EXERCISE DIRECTIONS :: Extract each line of the data below exactly as written.

DATASET ::

* * * *

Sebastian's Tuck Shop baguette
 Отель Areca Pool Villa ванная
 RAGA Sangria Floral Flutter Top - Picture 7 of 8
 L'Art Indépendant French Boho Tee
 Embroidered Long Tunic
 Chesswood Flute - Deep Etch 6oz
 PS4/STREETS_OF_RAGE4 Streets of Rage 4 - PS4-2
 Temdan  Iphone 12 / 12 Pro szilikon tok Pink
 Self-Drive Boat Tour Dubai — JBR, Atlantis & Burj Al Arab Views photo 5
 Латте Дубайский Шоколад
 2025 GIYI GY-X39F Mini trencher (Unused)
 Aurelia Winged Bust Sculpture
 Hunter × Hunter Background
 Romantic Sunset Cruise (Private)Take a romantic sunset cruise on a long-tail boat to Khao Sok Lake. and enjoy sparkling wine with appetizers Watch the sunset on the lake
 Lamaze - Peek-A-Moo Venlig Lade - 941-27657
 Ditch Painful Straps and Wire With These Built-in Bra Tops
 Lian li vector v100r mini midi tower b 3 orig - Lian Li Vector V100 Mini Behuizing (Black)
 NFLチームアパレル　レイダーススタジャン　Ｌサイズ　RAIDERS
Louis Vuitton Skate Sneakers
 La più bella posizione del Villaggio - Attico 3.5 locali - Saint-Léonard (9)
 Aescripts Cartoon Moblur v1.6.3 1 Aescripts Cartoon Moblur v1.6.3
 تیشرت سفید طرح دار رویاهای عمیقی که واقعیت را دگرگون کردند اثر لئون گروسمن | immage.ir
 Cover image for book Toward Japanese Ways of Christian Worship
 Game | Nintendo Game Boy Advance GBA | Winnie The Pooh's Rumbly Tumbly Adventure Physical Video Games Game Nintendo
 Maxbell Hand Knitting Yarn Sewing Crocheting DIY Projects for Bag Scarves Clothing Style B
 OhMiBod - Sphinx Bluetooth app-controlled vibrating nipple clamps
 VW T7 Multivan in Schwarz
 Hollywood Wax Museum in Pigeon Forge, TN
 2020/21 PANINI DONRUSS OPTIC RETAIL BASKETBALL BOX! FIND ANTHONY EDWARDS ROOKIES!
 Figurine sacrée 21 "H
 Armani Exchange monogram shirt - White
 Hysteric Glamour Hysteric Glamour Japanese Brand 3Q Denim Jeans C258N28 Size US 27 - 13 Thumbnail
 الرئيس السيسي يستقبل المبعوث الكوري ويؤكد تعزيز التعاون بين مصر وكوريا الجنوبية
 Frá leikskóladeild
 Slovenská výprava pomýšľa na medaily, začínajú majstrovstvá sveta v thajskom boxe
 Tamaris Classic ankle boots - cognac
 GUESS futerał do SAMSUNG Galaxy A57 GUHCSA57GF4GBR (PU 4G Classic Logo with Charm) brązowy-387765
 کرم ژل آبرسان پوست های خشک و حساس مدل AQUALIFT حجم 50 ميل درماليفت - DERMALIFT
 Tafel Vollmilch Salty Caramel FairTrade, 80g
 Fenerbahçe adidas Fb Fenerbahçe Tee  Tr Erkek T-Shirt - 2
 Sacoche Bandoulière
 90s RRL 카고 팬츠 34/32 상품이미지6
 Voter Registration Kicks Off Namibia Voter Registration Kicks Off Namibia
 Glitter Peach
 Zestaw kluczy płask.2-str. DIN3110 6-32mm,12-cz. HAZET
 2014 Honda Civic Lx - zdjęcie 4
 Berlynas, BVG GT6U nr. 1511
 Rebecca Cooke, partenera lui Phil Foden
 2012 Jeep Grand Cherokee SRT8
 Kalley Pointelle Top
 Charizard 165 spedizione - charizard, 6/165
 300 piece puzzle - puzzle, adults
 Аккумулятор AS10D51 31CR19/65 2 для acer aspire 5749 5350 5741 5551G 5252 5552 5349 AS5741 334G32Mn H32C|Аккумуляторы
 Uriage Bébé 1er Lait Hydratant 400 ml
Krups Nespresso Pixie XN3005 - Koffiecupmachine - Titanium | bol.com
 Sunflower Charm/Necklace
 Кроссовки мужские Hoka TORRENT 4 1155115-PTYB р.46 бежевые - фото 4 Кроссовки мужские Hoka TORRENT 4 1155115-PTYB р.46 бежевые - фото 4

* * * *

SOLUTION TO THIS PROBLEM ::
Sebastian's Tuck Shop baguette
 Отель Areca Pool Villa ванная
 RAGA Sangria Floral Flutter Top - Picture 7 of 8
 L'Art Indépendant French Boho Tee
 Embroidered Long Tunic
 Chesswood Flute - Deep Etch 6oz
 PS4/STREETS_OF_RAGE4 Streets of Rage 4 - PS4-2
 Temdan  Iphone 12 / 12 Pro szilikon tok Pink
 Self-Drive Boat Tour Dubai — JBR, Atlantis & Burj Al Arab Views photo 5
 Латте Дубайский Шоколад
 2025 GIYI GY-X39F Mini trencher (Unused)
 Aurelia Winged Bust Sculpture
 Hunter × Hunter Background
 Romantic Sunset Cruise (Private)Take a romantic sunset cruise on a long-tail boat to Khao Sok Lake. and enjoy sparkling wine with appetizers Watch the sunset on the lake
 Lamaze - Peek-A-Moo Venlig Lade - 941-27657
 Ditch Painful Straps and Wire With These Built-in Bra Tops
 Lian li vector v100r mini midi tower b 3 orig - Lian Li Vector V100 Mini Behuizing (Black)
 NFLチームアパレル　レイダーススタジャン　Ｌサイズ　RAIDERS
Louis Vuitton Skate Sneakers
 La più bella posizione del Villaggio - Attico 3.5 locali - Saint-Léonard (9)
 Aescripts Cartoon Moblur v1.6.3 1 Aescripts Cartoon Moblur v1.6.3
 تیشرت سفید طرح دار رویاهای عمیقی که واقعیت را دگرگون کردند اثر لئون گروسمن | immage.ir
 Cover image for book Toward Japanese Ways of Christian Worship
 Game | Nintendo Game Boy Advance GBA | Winnie The Pooh's Rumbly Tumbly Adventure Physical Video Games Game Nintendo
 Maxbell Hand Knitting Yarn Sewing Crocheting DIY Projects for Bag Scarves Clothing Style B
 OhMiBod - Sphinx Bluetooth app-controlled vibrating nipple clamps
 VW T7 Multivan in Schwarz
 Hollywood Wax Museum in Pigeon Forge, TN
 2020/21 PANINI DONRUSS OPTIC RETAIL BASKETBALL BOX! FIND ANTHONY EDWARDS ROOKIES!
 Figurine sacrée 21 "H
 Armani Exchange monogram shirt - White
 Hysteric Glamour Hysteric Glamour Japanese Brand 3Q Denim Jeans C258N28 Size US 27 - 13 Thumbnail
 الرئيس السيسي يستقبل المبعوث الكوري ويؤكد تعزيز التعاون بين مصر وكوريا الجنوبية
 Frá leikskóladeild
 Slovenská výprava pomýšľa na medaily, začínajú majstrovstvá sveta v thajskom boxe
 Tamaris Classic ankle boots - cognac
 GUESS futerał do SAMSUNG Galaxy A57 GUHCSA57GF4GBR (PU 4G Classic Logo with Charm) brązowy-387765
 کرم ژل آبرسان پوست های خشک و حساس مدل AQUALIFT حجم 50 ميل درماليفت - DERMALIFT
 Tafel Vollmilch Salty Caramel FairTrade, 80g
 Fenerbahçe adidas Fb Fenerbahçe Tee  Tr Erkek T-Shirt - 2
 Sacoche Bandoulière
 90s RRL 카고 팬츠 34/32 상품이미지6
 Voter Registration Kicks Off Namibia Voter Registration Kicks Off Namibia
 Glitter Peach
 Zestaw kluczy płask.2-str. DIN3110 6-32mm,12-cz. HAZET
 2014 Honda Civic Lx - zdjęcie 4
 Berlynas, BVG GT6U nr. 1511
 Rebecca Cooke, partenera lui Phil Foden
 2012 Jeep Grand Cherokee SRT8
 Kalley Pointelle Top
 Charizard 165 spedizione - charizard, 6/165
 300 piece puzzle - puzzle, adults
 Аккумулятор AS10D51 31CR19/65 2 для acer aspire 5749 5350 5741 5551G 5252 5552 5349 AS5741 334G32Mn H32C|Аккумуляторы
 Uriage Bébé 1er Lait Hydratant 400 ml
Krups Nespresso Pixie XN3005 - Koffiecupmachine - Titanium | bol.com
 Sunflower Charm/Necklace
 Кроссовки мужские Hoka TORRENT 4 1155115-PTYB р.46 бежевые - фото 4 Кроссовки мужские Hoka TORRENT 4 1155115-PTYB р.46 бежевые - фото 4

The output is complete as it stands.